Work request>
Could the data below be copied exactly, minus the pictures?
[Dataset content Boundary: Start]
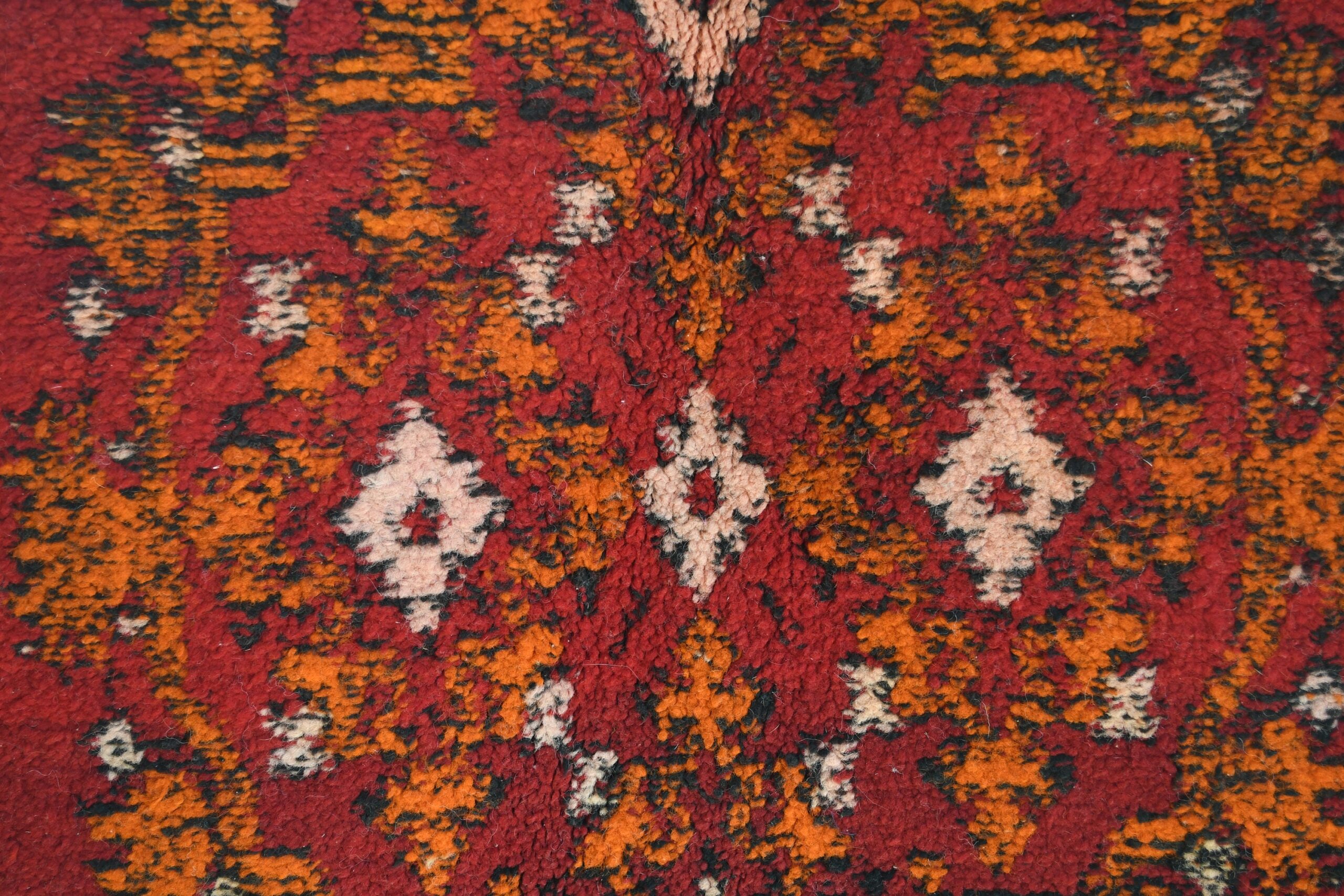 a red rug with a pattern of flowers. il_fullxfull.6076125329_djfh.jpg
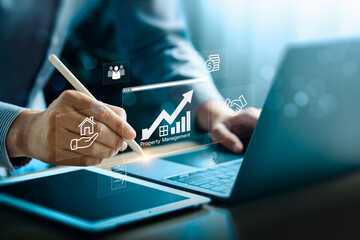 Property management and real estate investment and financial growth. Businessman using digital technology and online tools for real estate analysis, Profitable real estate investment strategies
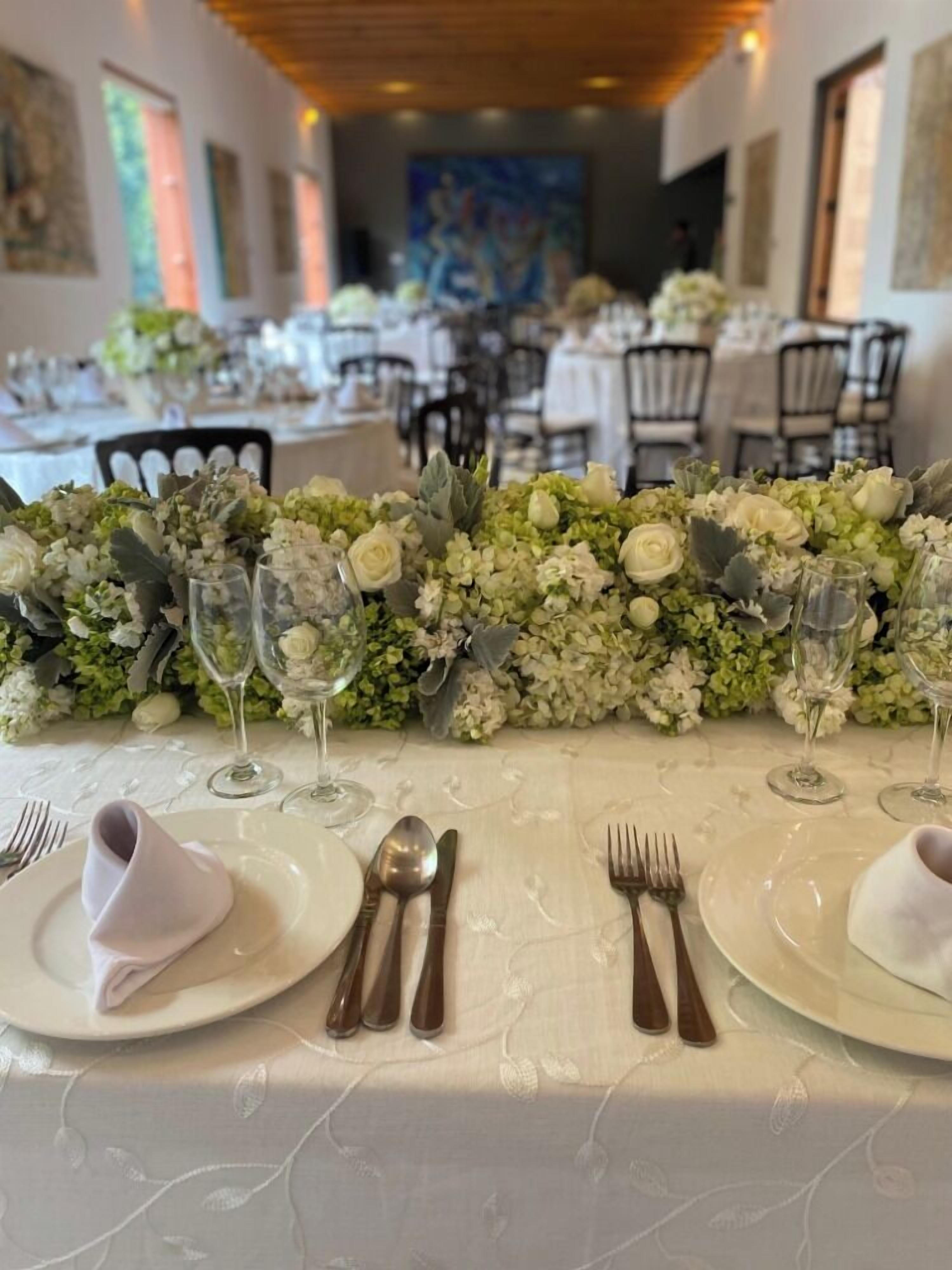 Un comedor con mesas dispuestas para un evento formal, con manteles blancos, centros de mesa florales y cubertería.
[Dataset content Boundary: End]
Your solution>
 a red rug with a pattern of flowers. il_fullxfull.6076125329_djfh.jpg
 Property management and real estate investment and financial growth. Businessman using digital technology and online tools for real estate analysis, Profitable real estate investment strategies
 Un comedor con mesas dispuestas para un evento formal, con manteles blancos, centros de mesa florales y cubertería.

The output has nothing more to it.